Normal-Gamma Conjugate Prior Interpretation

In Bayesian statistics, the multivariate t-distribution emerges naturally as the marginal distribution of observations in models where the mean vector follows a normal distribution conditional on an unknown precision parameter, which itself has a gamma prior. Specifically, consider a Bayesian regression setup where the mean \mu is assigned a prior \mu \sim \mathcal{N}(\mu_0, (\kappa_0 \tau)^{-1} \Sigma) and the precision \tau follows a gamma distribution \tau \sim \Gamma(\alpha, \beta), with \Sigma known or fixed. Integrating out \mu and \tau yields a marginal prior for the data that is multivariate t-distributed, providing a conjugate framework for inference in linear models with unknown variance.^[11]^[12] This parameterization links directly to posterior predictive distributions in multivariate linear regression.

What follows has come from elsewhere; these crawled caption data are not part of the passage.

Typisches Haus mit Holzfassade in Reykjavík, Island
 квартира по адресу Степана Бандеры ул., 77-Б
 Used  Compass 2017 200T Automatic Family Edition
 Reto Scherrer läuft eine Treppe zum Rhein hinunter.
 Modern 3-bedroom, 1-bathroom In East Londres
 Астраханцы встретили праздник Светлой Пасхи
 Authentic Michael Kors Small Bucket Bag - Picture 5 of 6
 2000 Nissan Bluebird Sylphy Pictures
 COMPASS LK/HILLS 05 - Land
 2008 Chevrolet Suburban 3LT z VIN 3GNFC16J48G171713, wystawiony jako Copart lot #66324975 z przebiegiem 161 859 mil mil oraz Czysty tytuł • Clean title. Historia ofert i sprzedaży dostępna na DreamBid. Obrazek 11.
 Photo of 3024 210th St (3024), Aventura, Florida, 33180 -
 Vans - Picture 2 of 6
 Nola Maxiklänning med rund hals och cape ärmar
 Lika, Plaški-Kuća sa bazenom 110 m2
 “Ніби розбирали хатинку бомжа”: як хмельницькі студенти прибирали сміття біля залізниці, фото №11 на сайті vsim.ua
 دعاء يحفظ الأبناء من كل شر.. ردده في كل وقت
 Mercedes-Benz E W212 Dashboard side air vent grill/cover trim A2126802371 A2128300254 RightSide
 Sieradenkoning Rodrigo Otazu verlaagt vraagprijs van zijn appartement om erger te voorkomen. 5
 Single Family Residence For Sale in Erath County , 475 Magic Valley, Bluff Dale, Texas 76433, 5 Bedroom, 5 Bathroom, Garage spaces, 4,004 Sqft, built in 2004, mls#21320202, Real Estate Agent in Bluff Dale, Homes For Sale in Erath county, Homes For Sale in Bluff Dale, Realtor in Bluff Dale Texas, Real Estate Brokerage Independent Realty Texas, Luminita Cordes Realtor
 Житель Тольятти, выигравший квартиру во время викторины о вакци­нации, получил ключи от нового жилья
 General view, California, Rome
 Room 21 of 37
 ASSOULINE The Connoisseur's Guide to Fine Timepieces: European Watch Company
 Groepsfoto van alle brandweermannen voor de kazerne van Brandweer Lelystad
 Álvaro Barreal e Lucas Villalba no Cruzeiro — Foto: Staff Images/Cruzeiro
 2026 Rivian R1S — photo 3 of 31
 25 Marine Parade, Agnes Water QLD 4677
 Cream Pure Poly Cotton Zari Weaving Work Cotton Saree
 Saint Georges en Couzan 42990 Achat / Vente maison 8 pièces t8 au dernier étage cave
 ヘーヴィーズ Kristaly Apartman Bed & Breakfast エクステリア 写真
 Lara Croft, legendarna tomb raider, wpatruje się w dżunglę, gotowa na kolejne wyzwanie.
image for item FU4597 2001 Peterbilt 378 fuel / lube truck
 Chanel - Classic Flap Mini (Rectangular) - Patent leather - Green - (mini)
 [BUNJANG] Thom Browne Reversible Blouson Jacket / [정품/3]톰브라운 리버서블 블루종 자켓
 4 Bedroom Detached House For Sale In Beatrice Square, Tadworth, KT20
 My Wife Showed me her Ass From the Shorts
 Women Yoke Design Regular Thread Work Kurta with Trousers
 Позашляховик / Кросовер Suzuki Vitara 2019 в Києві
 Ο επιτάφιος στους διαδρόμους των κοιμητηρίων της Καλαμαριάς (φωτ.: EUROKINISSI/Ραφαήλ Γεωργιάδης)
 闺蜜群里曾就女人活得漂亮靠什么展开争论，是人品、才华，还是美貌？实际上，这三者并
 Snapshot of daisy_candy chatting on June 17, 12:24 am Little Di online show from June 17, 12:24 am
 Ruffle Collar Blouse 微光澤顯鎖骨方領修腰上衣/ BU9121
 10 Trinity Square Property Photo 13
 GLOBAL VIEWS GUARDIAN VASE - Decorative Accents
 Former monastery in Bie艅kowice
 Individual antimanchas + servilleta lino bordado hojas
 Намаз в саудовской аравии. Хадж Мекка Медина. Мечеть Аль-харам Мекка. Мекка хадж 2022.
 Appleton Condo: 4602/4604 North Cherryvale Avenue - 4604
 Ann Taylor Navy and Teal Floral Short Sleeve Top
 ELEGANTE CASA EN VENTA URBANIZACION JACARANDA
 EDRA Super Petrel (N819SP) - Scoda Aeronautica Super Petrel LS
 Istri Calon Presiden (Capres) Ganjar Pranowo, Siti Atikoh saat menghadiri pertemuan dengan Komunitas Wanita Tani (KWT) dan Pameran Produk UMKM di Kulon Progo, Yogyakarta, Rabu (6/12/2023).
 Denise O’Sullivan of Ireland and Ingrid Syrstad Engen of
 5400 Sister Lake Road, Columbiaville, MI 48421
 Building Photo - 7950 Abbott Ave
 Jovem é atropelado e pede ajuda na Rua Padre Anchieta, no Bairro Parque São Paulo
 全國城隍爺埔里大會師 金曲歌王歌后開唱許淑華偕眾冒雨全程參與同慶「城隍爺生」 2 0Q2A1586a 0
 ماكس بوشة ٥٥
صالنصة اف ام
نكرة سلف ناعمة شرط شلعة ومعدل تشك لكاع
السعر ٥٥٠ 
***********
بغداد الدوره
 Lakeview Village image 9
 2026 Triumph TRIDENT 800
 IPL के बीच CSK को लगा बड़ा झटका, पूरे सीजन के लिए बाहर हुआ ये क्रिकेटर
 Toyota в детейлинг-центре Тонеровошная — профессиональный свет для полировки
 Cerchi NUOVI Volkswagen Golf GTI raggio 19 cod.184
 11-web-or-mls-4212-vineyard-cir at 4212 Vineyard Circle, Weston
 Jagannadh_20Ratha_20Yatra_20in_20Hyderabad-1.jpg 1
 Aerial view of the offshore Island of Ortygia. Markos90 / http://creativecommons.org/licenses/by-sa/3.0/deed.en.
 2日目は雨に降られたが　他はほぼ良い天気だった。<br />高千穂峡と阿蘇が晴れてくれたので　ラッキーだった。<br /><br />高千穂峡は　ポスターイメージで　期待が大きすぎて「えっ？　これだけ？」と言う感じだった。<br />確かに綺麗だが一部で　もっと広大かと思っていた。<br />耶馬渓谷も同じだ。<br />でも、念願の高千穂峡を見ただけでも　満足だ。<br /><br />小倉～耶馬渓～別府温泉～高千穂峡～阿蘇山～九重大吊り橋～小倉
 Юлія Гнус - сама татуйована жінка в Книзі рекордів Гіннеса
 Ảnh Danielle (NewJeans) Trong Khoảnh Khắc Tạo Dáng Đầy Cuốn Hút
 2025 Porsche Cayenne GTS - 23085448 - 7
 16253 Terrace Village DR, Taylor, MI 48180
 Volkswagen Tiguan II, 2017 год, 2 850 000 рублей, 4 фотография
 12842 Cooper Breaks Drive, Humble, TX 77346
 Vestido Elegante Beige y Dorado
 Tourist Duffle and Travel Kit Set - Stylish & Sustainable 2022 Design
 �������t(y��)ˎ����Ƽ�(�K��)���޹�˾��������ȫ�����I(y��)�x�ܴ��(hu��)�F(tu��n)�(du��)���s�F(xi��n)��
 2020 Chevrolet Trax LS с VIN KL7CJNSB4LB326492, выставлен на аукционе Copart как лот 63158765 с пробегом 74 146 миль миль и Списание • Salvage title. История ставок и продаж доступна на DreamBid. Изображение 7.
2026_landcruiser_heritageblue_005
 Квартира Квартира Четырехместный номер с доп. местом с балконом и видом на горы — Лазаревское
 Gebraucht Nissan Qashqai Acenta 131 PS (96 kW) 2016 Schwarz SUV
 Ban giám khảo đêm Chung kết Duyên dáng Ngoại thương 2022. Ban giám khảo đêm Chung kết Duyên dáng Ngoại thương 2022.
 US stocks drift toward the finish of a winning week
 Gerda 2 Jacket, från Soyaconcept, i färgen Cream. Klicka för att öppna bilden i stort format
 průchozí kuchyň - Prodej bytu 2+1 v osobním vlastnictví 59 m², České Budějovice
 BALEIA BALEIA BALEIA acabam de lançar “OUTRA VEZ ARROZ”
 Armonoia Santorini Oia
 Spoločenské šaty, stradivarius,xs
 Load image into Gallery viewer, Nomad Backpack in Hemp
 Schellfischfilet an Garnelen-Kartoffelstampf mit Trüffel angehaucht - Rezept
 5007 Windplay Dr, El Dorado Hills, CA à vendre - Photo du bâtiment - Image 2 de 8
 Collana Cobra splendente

The degrees of freedom parameter \nu of the resulting t-distribution is given by \nu = 2\alpha, reflecting the shape of the gamma prior on precision and enabling closed-form expressions for predictions under conjugate updates. After observing data, the posterior predictive distribution for a new observation y^* takes the form y^* \sim t(\mu_n, \Sigma_n (1 + 1/\kappa_n)/\nu_n, \nu_n), where \mu_n, \Sigma_n, \kappa_n, and \nu_n are updated posterior quantities incorporating the prior and likelihood information. This structure facilitates robust inference by accounting for uncertainty in both mean and variance.^[13]^[11] The use of the normal-gamma conjugate prior for deriving the multivariate t-distribution was popularized in Bayesian analysis by Press (1982), who emphasized its role in robust multivariate inference under elliptical models with unknown parameters. This approach offers key advantages, including closed-form marginal distributions that exhibit heavy tails, enhancing robustness to outliers compared to normal-based models while maintaining conjugacy for efficient computation.^[12]

Probability Functions

Probability Density Function

The probability density function of the p-dimensional multivariate t-distribution with location parameter \boldsymbol{\mu} \in \mathbb{R}^p, positive definite scale matrix \boldsymbol{\Sigma} \in \mathbb{R}^{p \times p}, and degrees of freedom \nu > 0 is given by

f(\mathbf{x} \mid \boldsymbol{\mu}, \boldsymbol{\Sigma}, \nu) = \frac{\Gamma\left(\frac{\nu + p}{2}\right)}{\Gamma\left(\frac{\nu}{2}\right) (\nu \pi)^{p/2} |\boldsymbol{\Sigma}|^{1/2}} \left[1 + \frac{1}{\nu} (\mathbf{x} - \boldsymbol{\mu})^\top \boldsymbol{\Sigma}^{-1} (\mathbf{x} - \boldsymbol{\mu})\right]^{-(\nu + p)/2}, \quad \mathbf{x} \in \mathbb{R}^p.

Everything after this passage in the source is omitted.